Captioned web image data:
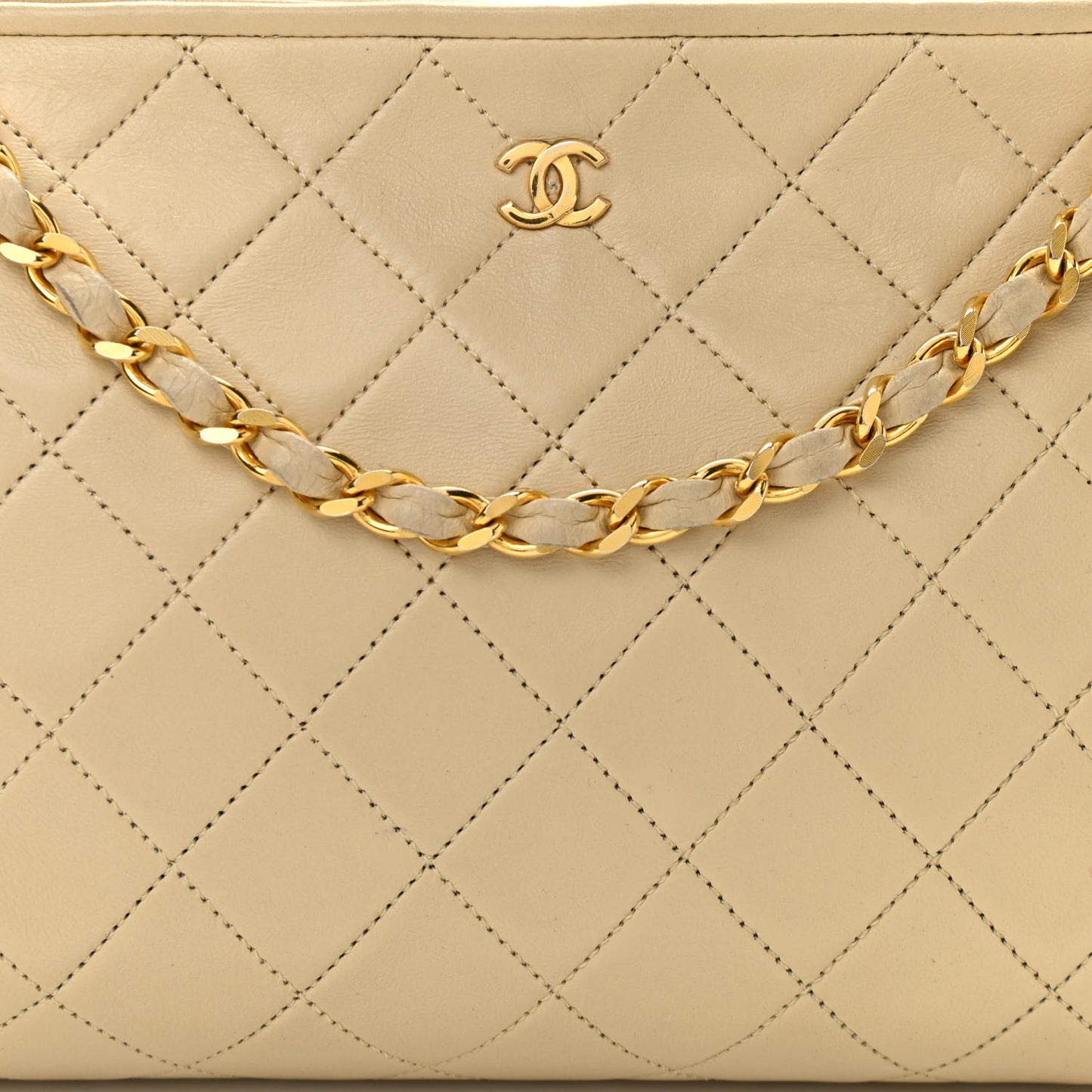 Calfskin Quilted Small Shoulder Bag Beige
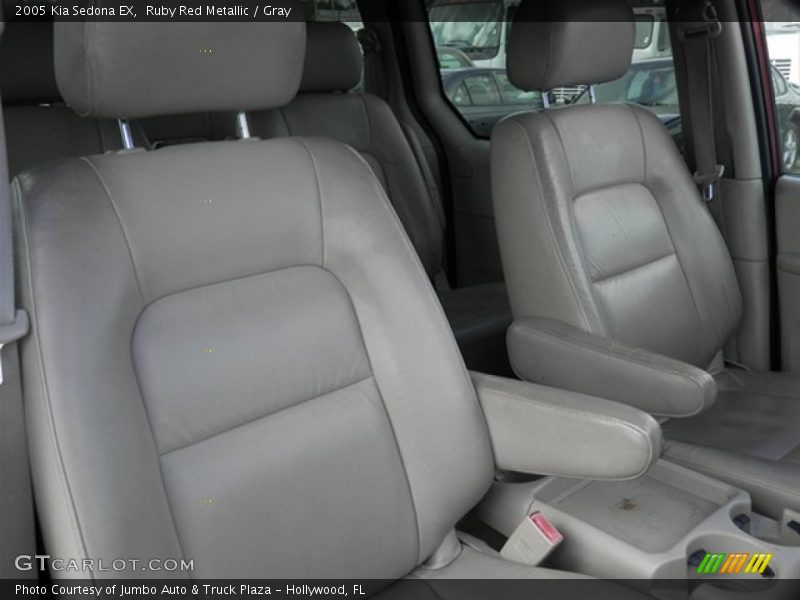 Ruby Red Metallic / Gray 2005 Kia Sedona EX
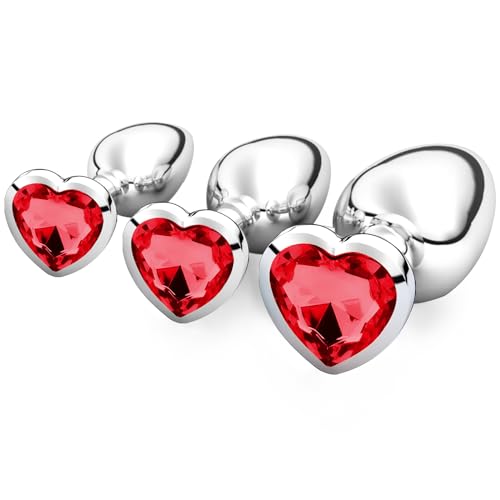 3 Stücke Klein Medium Groß Metall Analplug Set mit Herzform Kristall Diamant Anal Sexspielzeug,Buttplug Anal Butt Plug,für Frauen Männer Paare Anfanger für Frauen Männer Plug Metall Set (rot)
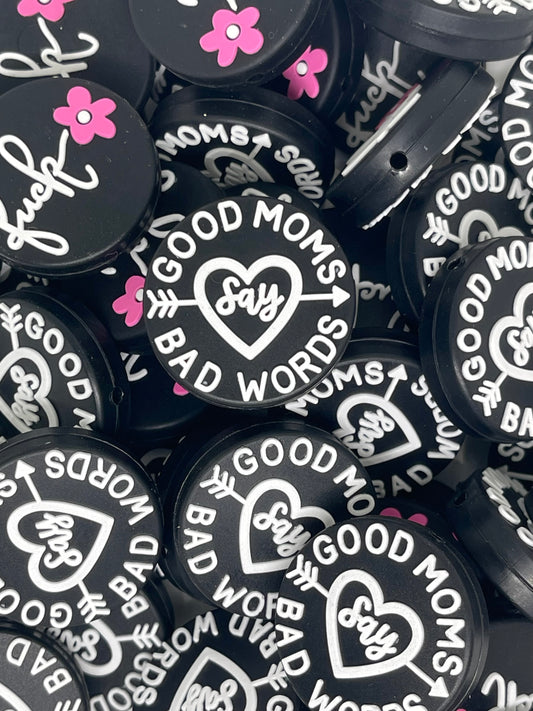 Good Moms Say Bad Words Focal Beads | Mom Beads | Colorful Beads | Beads for Pens | Funny Beads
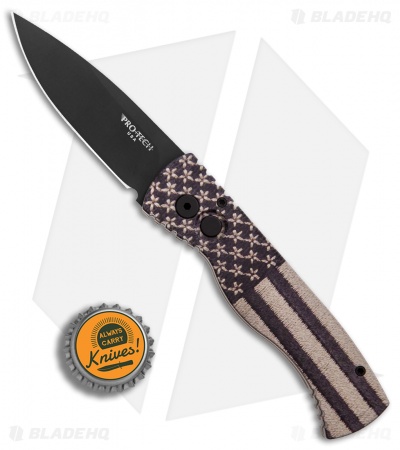 Pro-Tech Custom TR-2 Automatic Knife PK Tactical Flag #1 (Black) Blade Show 2018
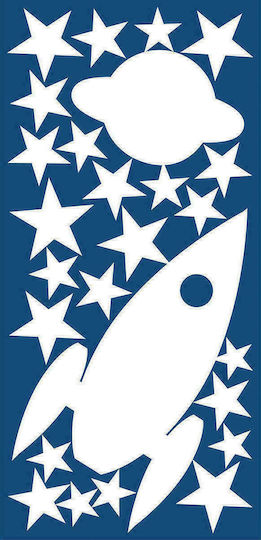 Ango Kids Vinyl Glow-in-the-Dark Wall Sticker Rocket & Stars 51pcs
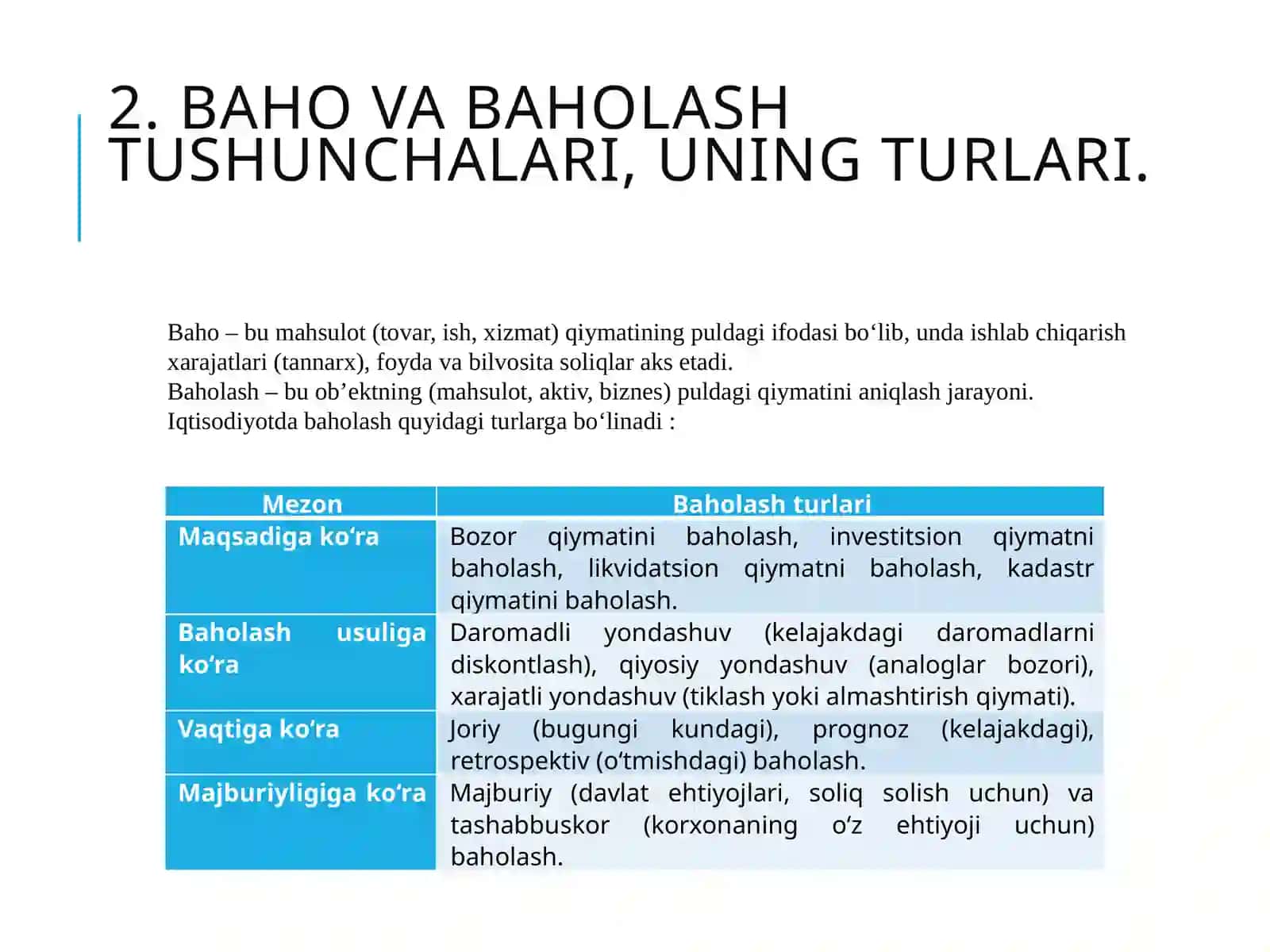 BAHOLASH VA KALKULYATSIYA 4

**Goal of the exercise:** Take the line containing "Pro-Tech Custom TR-2" and every line after it to the end of the records, and restate them verbatim, with no pictures.

**Response:**
 Pro-Tech Custom TR-2 Automatic Knife PK Tactical Flag #1 (Black) Blade Show 2018
 Ango Kids Vinyl Glow-in-the-Dark Wall Sticker Rocket & Stars 51pcs
 BAHOLASH VA KALKULYATSIYA 4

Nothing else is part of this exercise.